Dalam perkembangan di kemudian hari, sehubungan Dekrit Presiden 5 Juli 1959 yang memberlakukan kembali Undang-Undang Dasar 1945, dalam konsiderans dekrit, Presiden Soekarno atas nama rakyat Indonesia menyatakan bahwa Piagam Jakarta tertanggal 22 Juli 1945 menjiwai Undang-Undang Dasar. Pertanyaan yang mendasar diajukan oleh dua orang anggota DPR yaitu Anwar Harjono (Masyumi) dan HA Sjaichu (NU) kepada pemerintah yang diwakili Perdana Menteri Juanda menyangkut rencana kembali ke UUD 1945 serta maksud dari pengakuan Piagam Jakarta dan pengaruhnya dalam UUD 1945. Jawaban resmi pemerintah yang disampaikan oleh Perdana Menteri Juanda adalah bahwa pengaruh Piagam Jakarta tersebut tidak mengenai Pembukaan UUD 1945 saja, tetapi juga mengenai Pasal 29 UUD 1945. Dengan demikian perkataan 'Ketuhanan' dalam Pembukaan UUD 1945 dapat diberikan arti 'Ketuhanan dengan kewajiban bagi umat Islam untuk menjalankan syari’atnya sehingga atas dasar itu dapat diciptakan perundang-undangan bagi para pemeluk agama Islam, yang dapat disesuaikan dengan syari’at Islam'.

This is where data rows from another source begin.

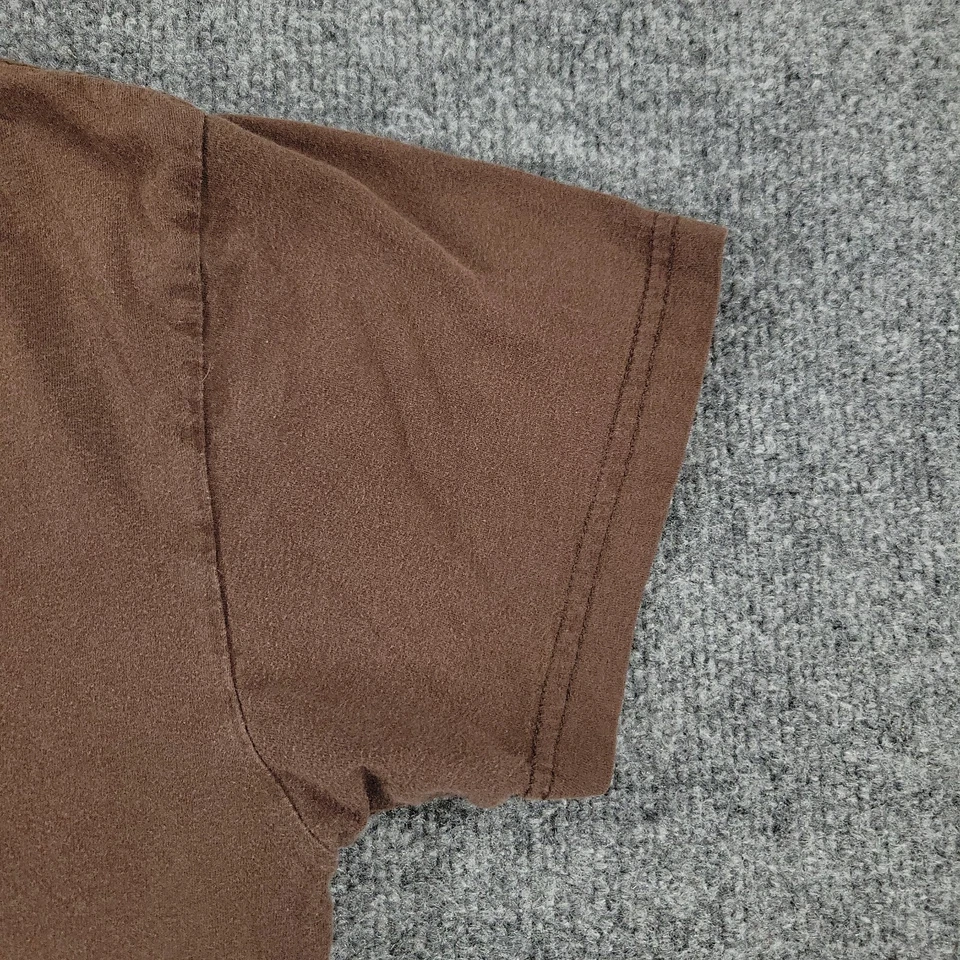 Camisa Away We Go Hombres Mediana Marrón Película Gráfica Camiseta Cuello Redondo Manga Corta Adulto Foto 4 de 4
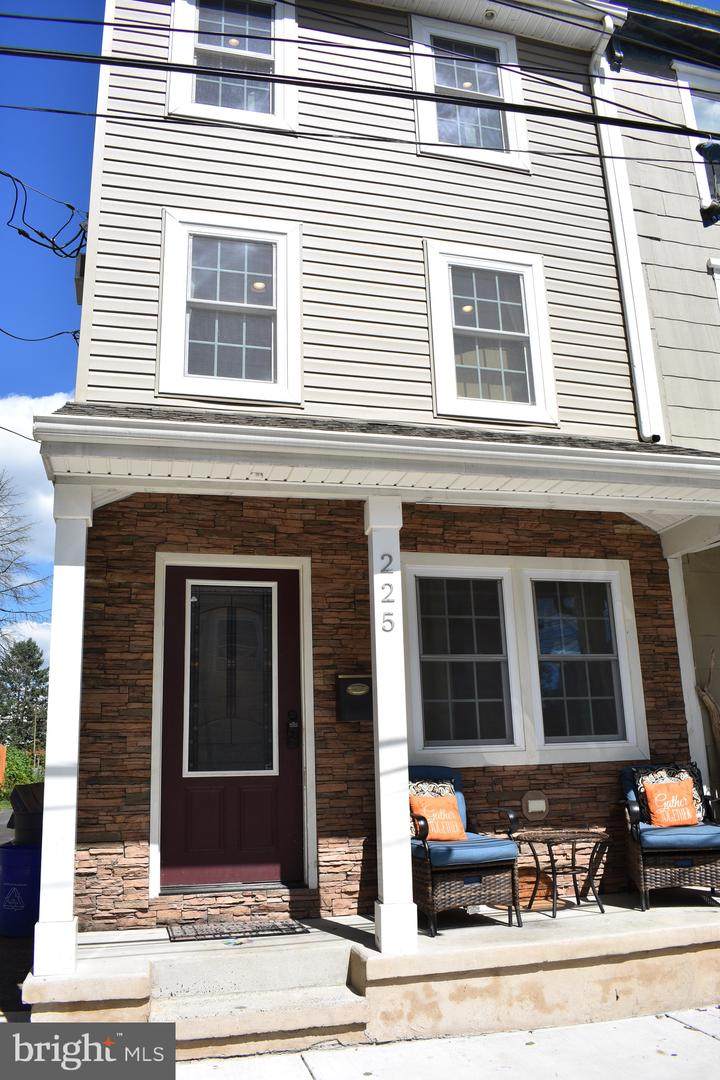 225 Franklin Street - Photo 1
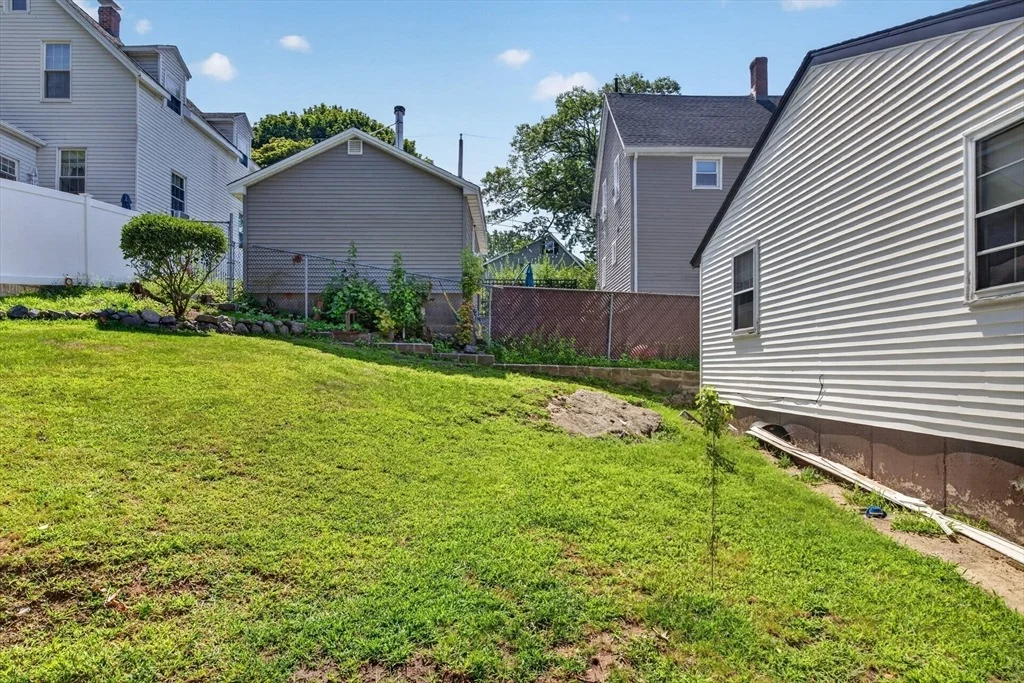 Photo of 39 Mountain Ave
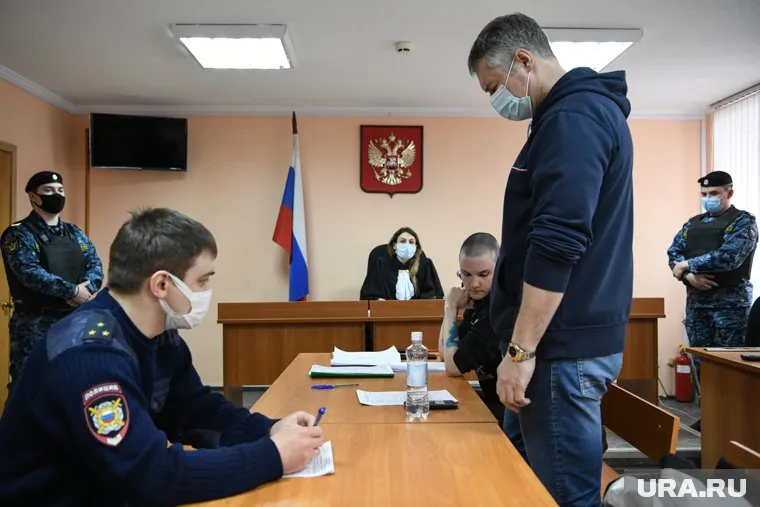 Адвокат бывшего мэра не станет оспаривать его статус иностранного агента (архивное фото)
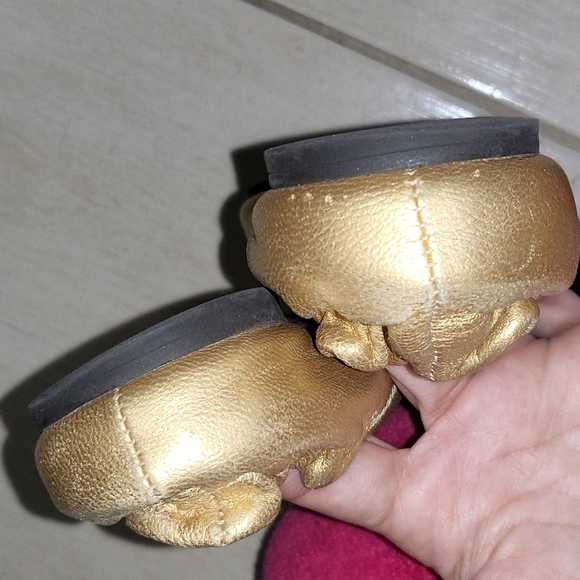 Tory Burch Gold Metalic Flats - Picture 5 of 10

Tidak dapat dipungkiri bahwa spirit Piagam Jakarta sebagai dokumen ideologis dan historis tetap terpatri dalam konstitusi negara kita. Meski telah 4 kali diamandemen UUD 1945 di masa reformasi dan saat ini kembali bergulir usulan amandemen kelima, diharapkan spirit Piagam Jakarta tetap hidup dalam hati sanubari para pemimpin dan segenap warga bangsa yang majemuk ini.